In an editorial published in the Ottawa Sun, the former Armed Forces Ombudsman, lawyer André Marin, forcefully argued the reverse. He notes that, in Canada, civil society already exercises very little and quiet oversight over the Canadian Forces.  He suggested that such oversight is limited to four agencies:

  1.  The military has an Ombudsman, but it’s a far cry from the parliamentary Inspector General recommended by the Somalia Commission of Inquiry in the 1990s. Also, that office operates as an internal body and has none of the statutory powers and independence of a parliamentary ombudsman,
  2. The Canadian Grievances External Review Committee, can only make non-binding recommendations to the Chief of Defence Staff on grievances from the rank and file.
  3. The Military Police Complaints Commission offers similar avenues of complaints and investigations that civilian police have to contend with.
  4. The Parliamentary Budget Officer is a third-party review body that exercises its authority over many other federal bodies including the Canadian Forces.  

Marin went further pointing out by way of example that military lawyers had recently attempted to stop a provincial inquiry on the 'absurd basis that the province had no jurisdiction over the federal government.' Provincial inquests about deaths in federal penitentiaries are routine and go unchallenged. “On what basis did the military really attempt to halt the inquiry? Perhaps to quell the judge’s anticipated criticism of the thin-skinned chain-of-command?” he added.

Personally, I find LGen Thibault statement most inappropriate. It leaves me to wonder whether his statement is more or less common currency within the highest echelons of the Canadian Armed Forces.  I strongly suspect that it is.  This would help explain why the Canadian military recoils each and every time a suggestion for reforms to its archaic and unfair military justice system comes under scrutiny by academia or the media. Yet, at present that stand-alone military justice system operates in isolation from the established and accepted concepts of the common law denying a bundle of rights to soldiers, sailors and airpersons. Rights which are taken for granted by the citizenry.

How ironic, however,  that the military which is always very strong on discipline, loyalty and accountability from the rank and file and as such exercises much control and oversight over their units and formations - as it should,  by subjecting them to regular inspections, audits, reviews, reports and assessments - winces at being subject to a modicum of accountability by a very restricted number of independent oversight agencies and while having practically no parliamentary oversight over their defective military justice system.

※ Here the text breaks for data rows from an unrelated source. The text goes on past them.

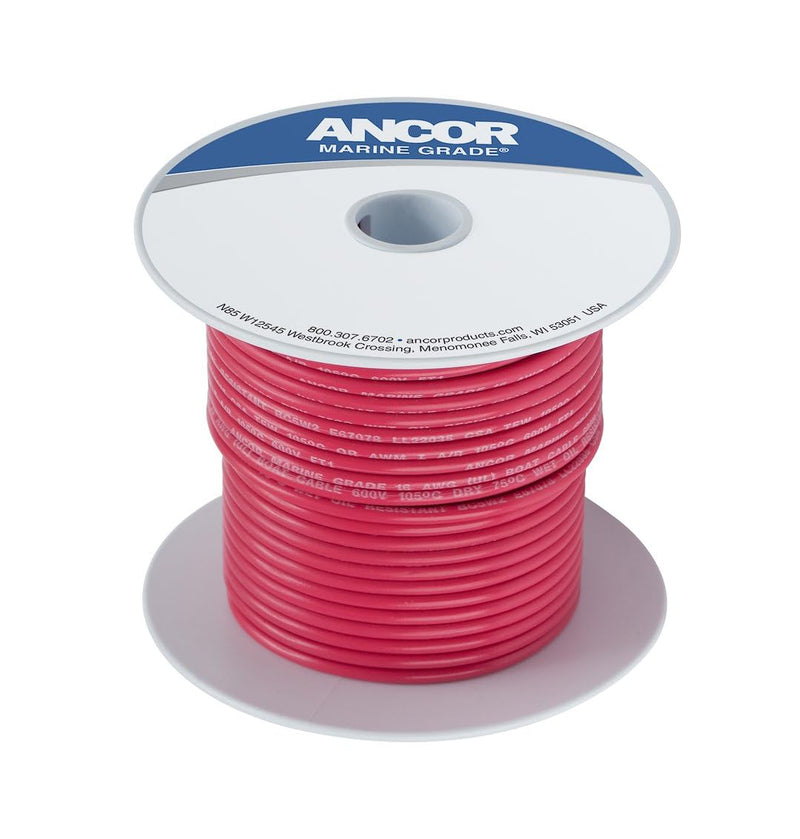 Ancor 104810 Tinned Copper Wire, 14 AWG (2mm2), Red - 100ft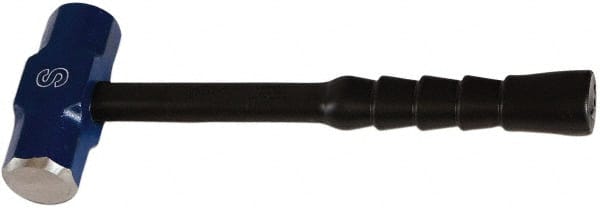 NUPLA - 6 Lb Head, 15-7/8" Long Sledge Hammer - Steel Head, 1-3/4" Face Diam, 5-7/8" Long Head, Fiberglass Handle - Exact Tooling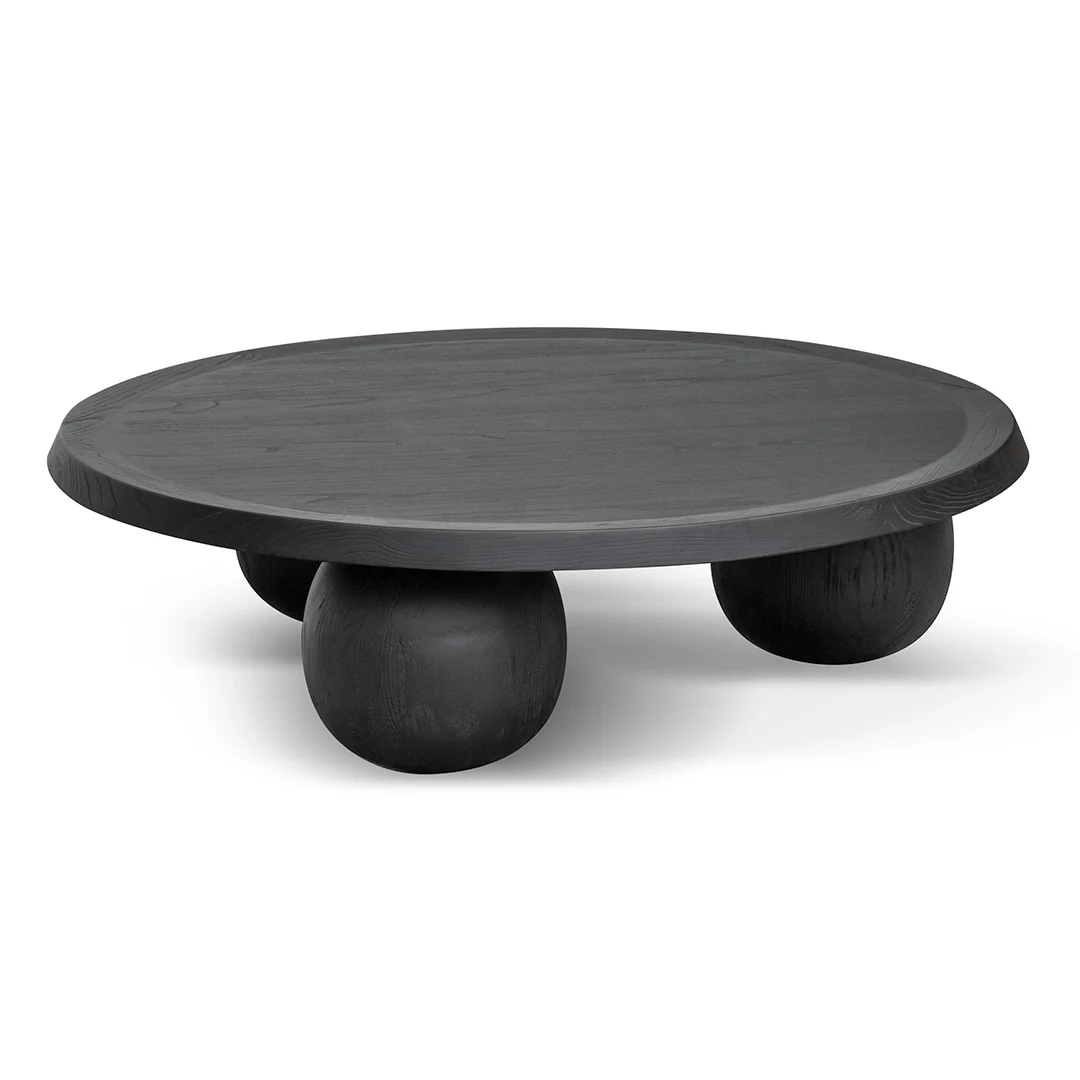 CCF8283-NI 100cm Elm Ball Coffee Table - Full Black - Image 3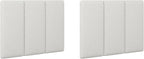 Nathan James Marissa King Size Upholstered Headboard with 6 Panels, Wall Mounted Boucle Headboard, White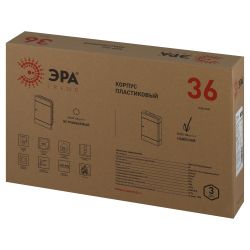 Корпус пластиковый навесной ЭРА TREND ЩРН-П-36 IP41 прозрачная крышка белый | Корпуса пластиковые распределительные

As Marin wrote, the Canadian military should embrace third-party oversight as an opportunity to learn and to improve. : 
"I am glad Thibault is not king for a day. We expect our military leaders not to want to command in a zone of immunity but to understand that probity and accountability rules don’t just apply to civilians."
      LGen Thibault's bold statement is simply antipodal to the notions of civil control and how a military should operate within a democracy. The military, here and elsewhere, must not operate as if it were a parallel government. The military should not only accept but should embrace civil control over  its accounting, equipment, deployments and management processes and, above all, its military justice system which needs to be modernized to be in full conformity with the law of the land. This is currently not the case.